Quick Links

Re: PostgreSQL's handling of fsync() errors is unsafe and risks data loss at least on XFS

From:	Thomas Munro <thomas(dot)munro(at)enterprisedb(dot)com>
To:	Craig Ringer <craig(at)2ndquadrant(dot)com>
Cc:	Andrew Gierth <andrew(at)tao11(dot)riddles(dot)org(dot)uk>, Bruce Momjian <bruce(at)momjian(dot)us>, Robert Haas <robertmhaas(at)gmail(dot)com>, Anthony Iliopoulos <ailiop(at)altatus(dot)com>, Andres Freund <andres(at)anarazel(dot)de>, Tom Lane <tgl(at)sss(dot)pgh(dot)pa(dot)us>, Catalin Iacob <iacobcatalin(at)gmail(dot)com>, PostgreSQL Hackers <pgsql-hackers(at)postgresql(dot)org>
Subject:	Re: PostgreSQL's handling of fsync() errors is unsafe and risks data loss at least on XFS
Date:	2018-04-06 02:53:56
Message-ID:	CAEepm=19U-2_kzApS-DqqEkTAnp9meiaRXyi-VTC94fcst6agA@mail.gmail.com
Views:	Whole Thread \| Raw Message \| Download mbox \| Resend email
Thread:
Lists:	pgsql-hackers

On Fri, Apr 6, 2018 at 1:27 PM, Craig Ringer <craig(at)2ndquadrant(dot)com> wrote:
> On 6 April 2018 at 07:37, Andrew Gierth <andrew(at)tao11(dot)riddles(dot)org(dot)uk> wrote:
>> Note: as I've brought up in another thread, it turns out that PG is not
>> handling fsync errors correctly even when the OS _does_ do the right
>> thing (discovered by testing on FreeBSD).
>
> Yikes. For other readers, the related thread for this is
> https://www.postgresql.org/message-id/87y3i1ia4w.fsf@news-spur.riddles.org.uk

Yeah. That's really embarrassing, especially after beating up on
various operating systems all week.

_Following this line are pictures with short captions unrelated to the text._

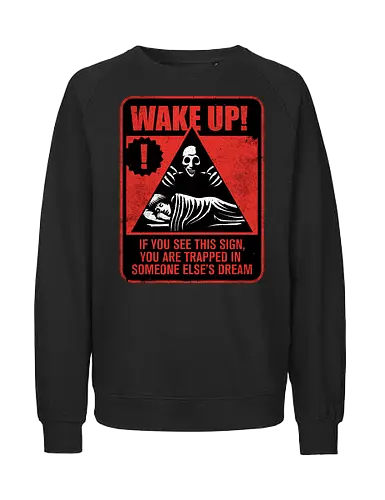 Horror Signs Dream Creatures - scary, cool, shadow creature, shadow figure, smile, awesome, horror, horror stories, creepy, horror movies, books, spooky season, Halloween, creepypastas, demon, spirit, shadow person, dead, ghost, dream, dreaming, dreamwalker, dream land, dark, Darkness - Fairtrade Sweatshirt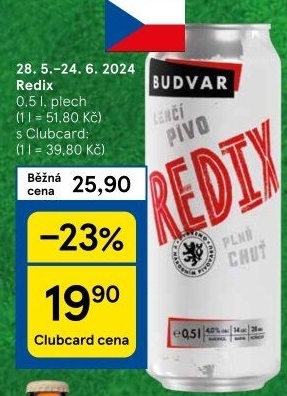 Pivo světlé výčepní Redix Budweiser Budvar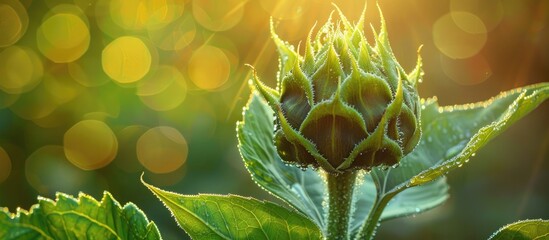 Poster - Close up shot of a sunflower bud with two delicate leaves covered in dew set against a heavily blurred backdrop providing ample copy space image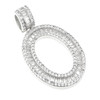 Rhodium Finish .925 Silver Baguette Letter O Pendant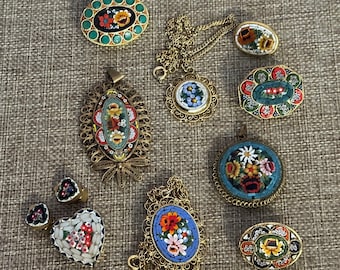 Vintage and Antique Italian Millefiori Necklaces and Pendants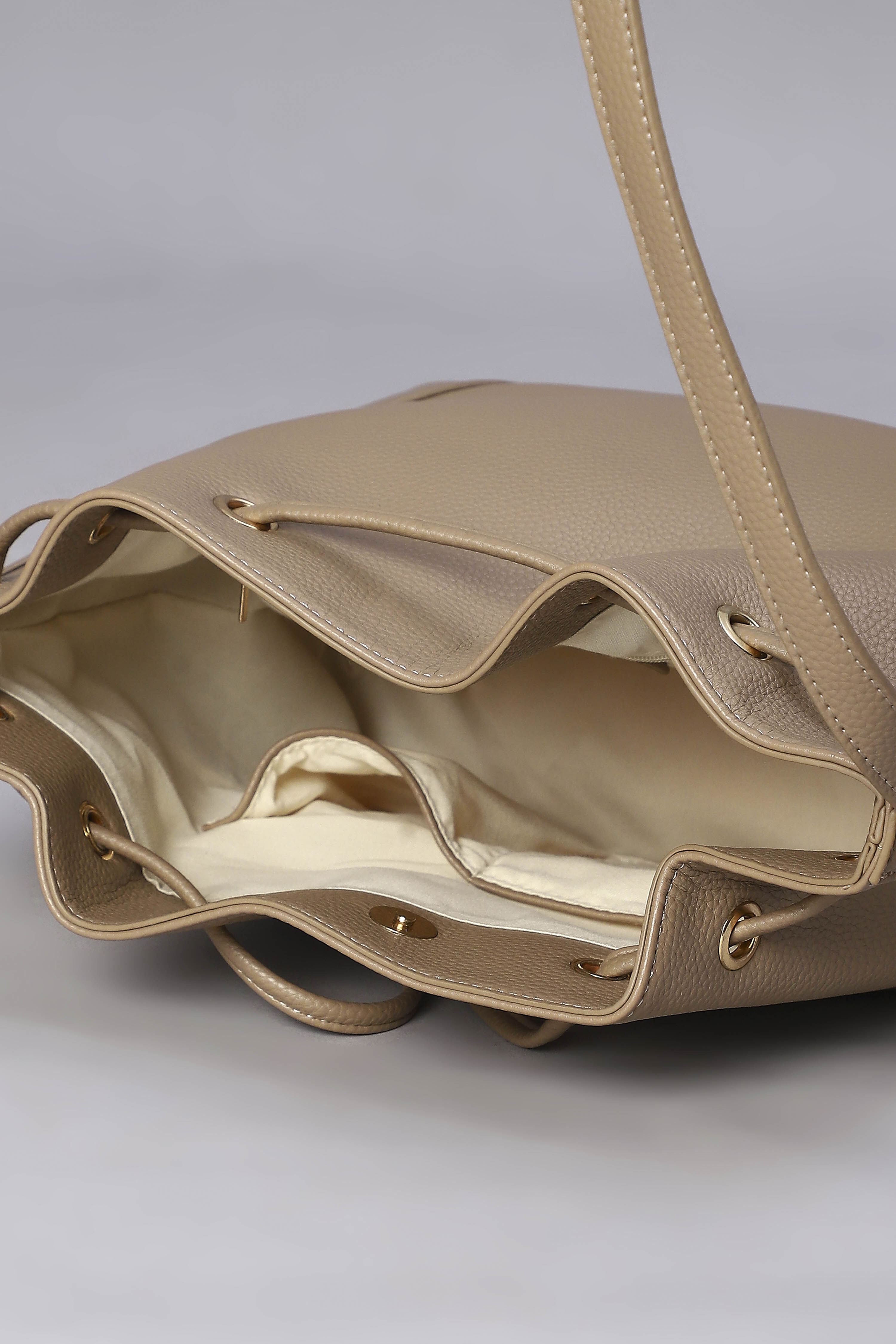 Brown PU Bucket Bag image number 5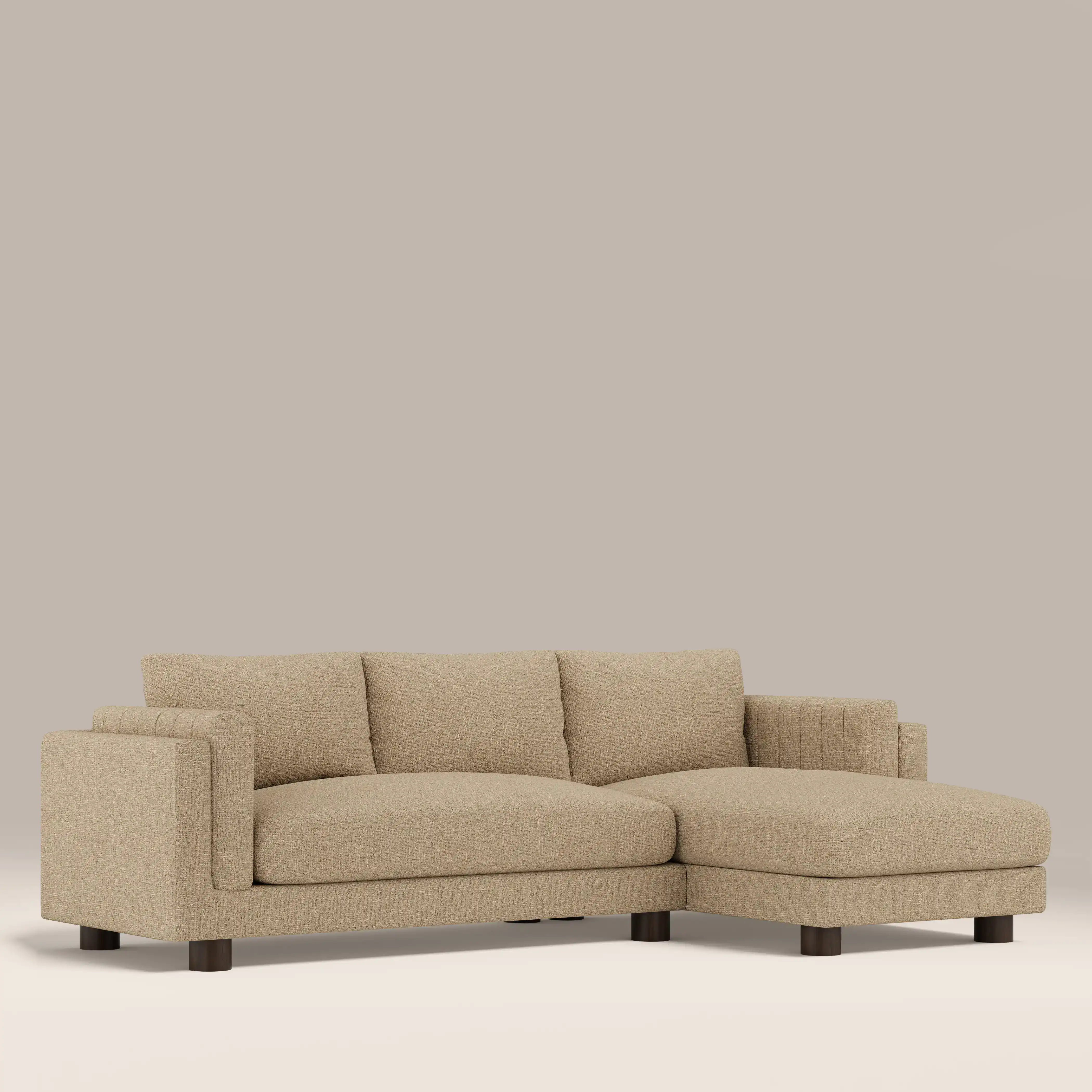Halton Right Hand Chaise Sofa | Speckled Latte Boucle - Image 2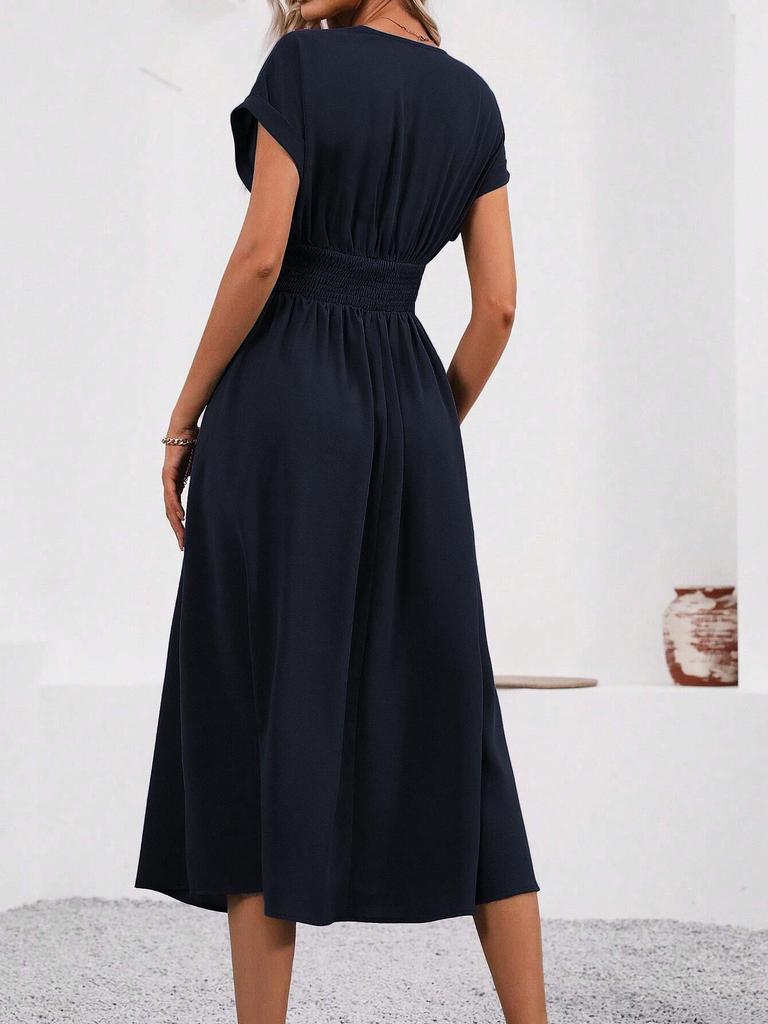 Women's Elegant Summer V-Neck Batwing Sleeve Dress with Pleated Waist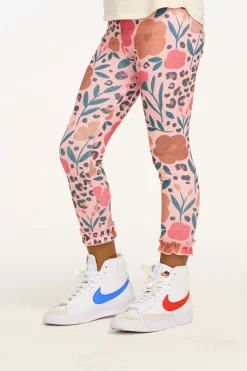 Discount Chaser Brand Bottom Ruffle Floral & Leopard Print Legging
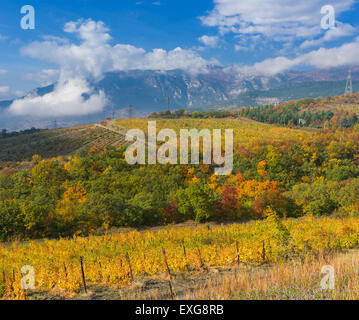 Herbstliche Berglandschaft in der Nähe von Gurzuf Resort in Halbinsel Krim Stockfoto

It's also an independent issue --
let's keep that on the other thread and get it fixed.

> I see the failed fync, then the same fd being fsync()d without error on the
> next checkpoint, which succeeds.
>
> postgres 9602 [003] 72380.325817: syscalls:sys_enter_fsync: fd:
> 0x00000005
> postgres 9602 [003] 72380.325931: syscalls:sys_exit_fsync:
> 0xfffffffffffffffb
> ...
> postgres 9602 [000] 72381.336767: syscalls:sys_enter_fsync: fd:
> 0x00000005
> postgres 9602 [000] 72381.336840: syscalls:sys_exit_fsync: 0x0
>
> ... and Pg continues merrily on its way without realising it lost data:
>
> [72379.834872] XFS (dm-0): writeback error on sector 118752
> [72380.324707] XFS (dm-0): writeback error on sector 118688
>
> In this test I set things up so the checkpointer would see the first fsync()
> error. But if I make checkpoints less frequent, the bgwriter aggressive, and
> kernel dirty writeback aggressive, it should be possible to have the failure
> go completely unobserved too. I'll try that next, because we've already
> largely concluded that the solution to the issue above is to PANIC on
> fsync() error. But if we don't see the error at all we're in trouble.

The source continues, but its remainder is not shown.